**Dataset content:**
»»

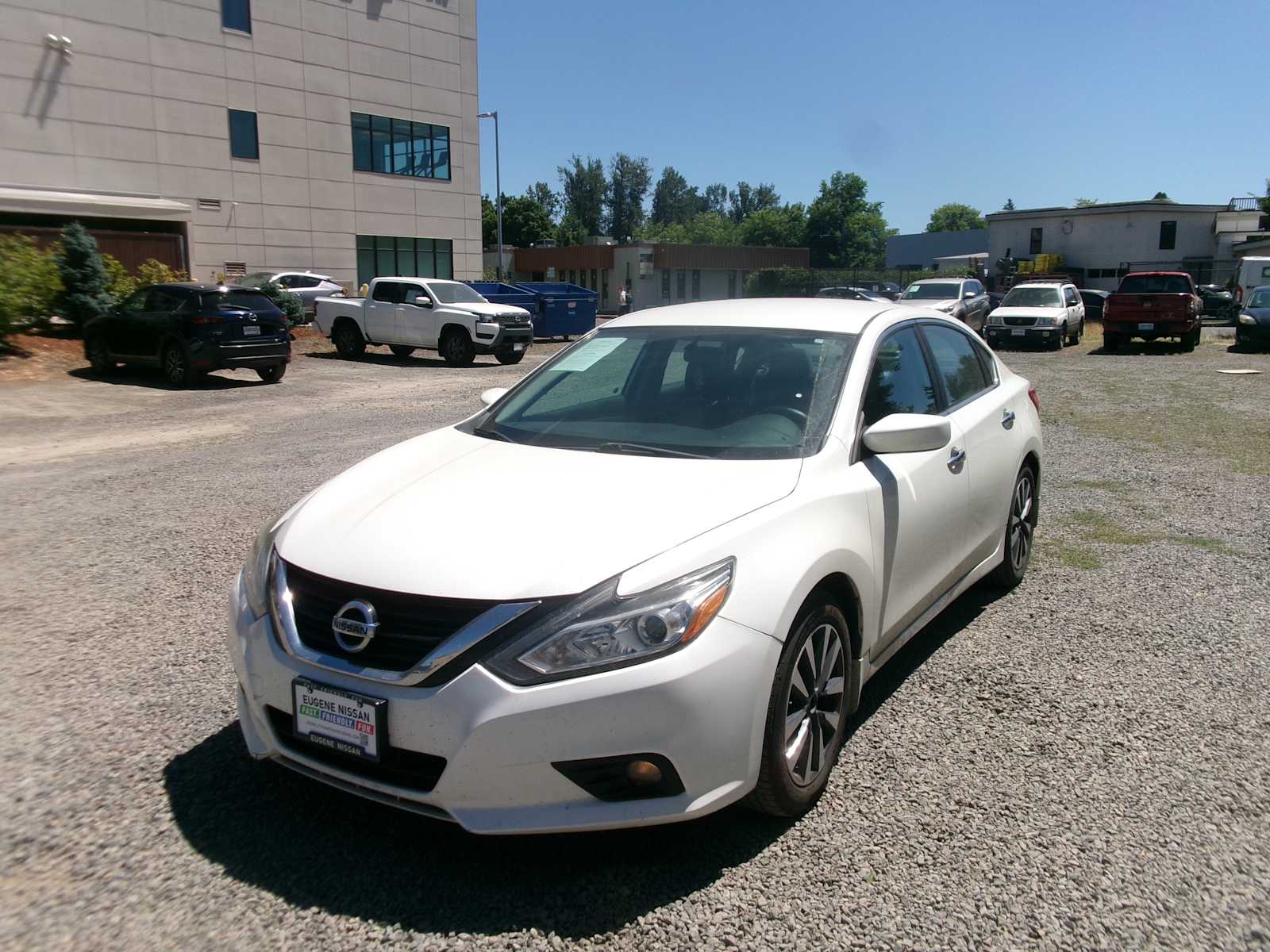 2017 Nissan Altima SV -
                  Eugene, OR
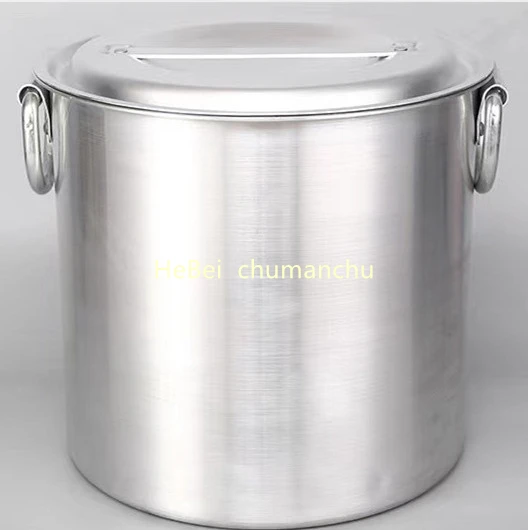 commercial big capacity aluminum stockpot hot sale pot cookware soup stock pot
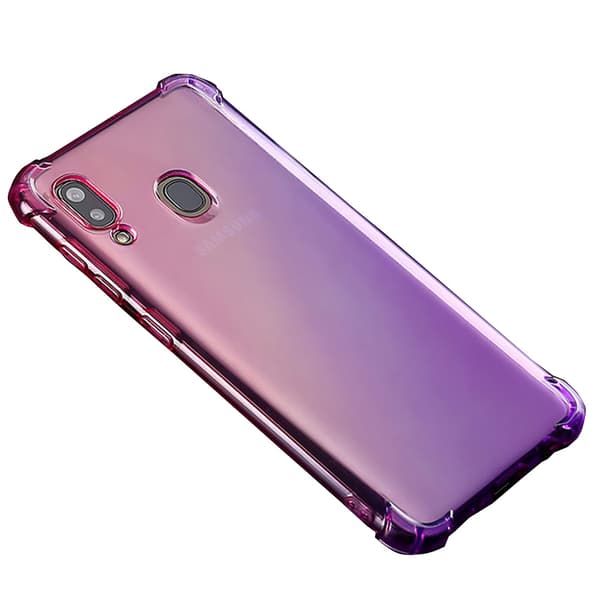 Slittåligt Air-Bag Floveme Silikonskal - Samsung Galaxy A20E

««

**Work required:**
Extract, word for word, every line from the one holding "commercial big capacity" through the closing line of the data above. Do not include any pictures.

**Output:**
 commercial big capacity aluminum stockpot hot sale pot cookware soup stock pot
 Slittåligt Air-Bag Floveme Silikonskal - Samsung Galaxy A20E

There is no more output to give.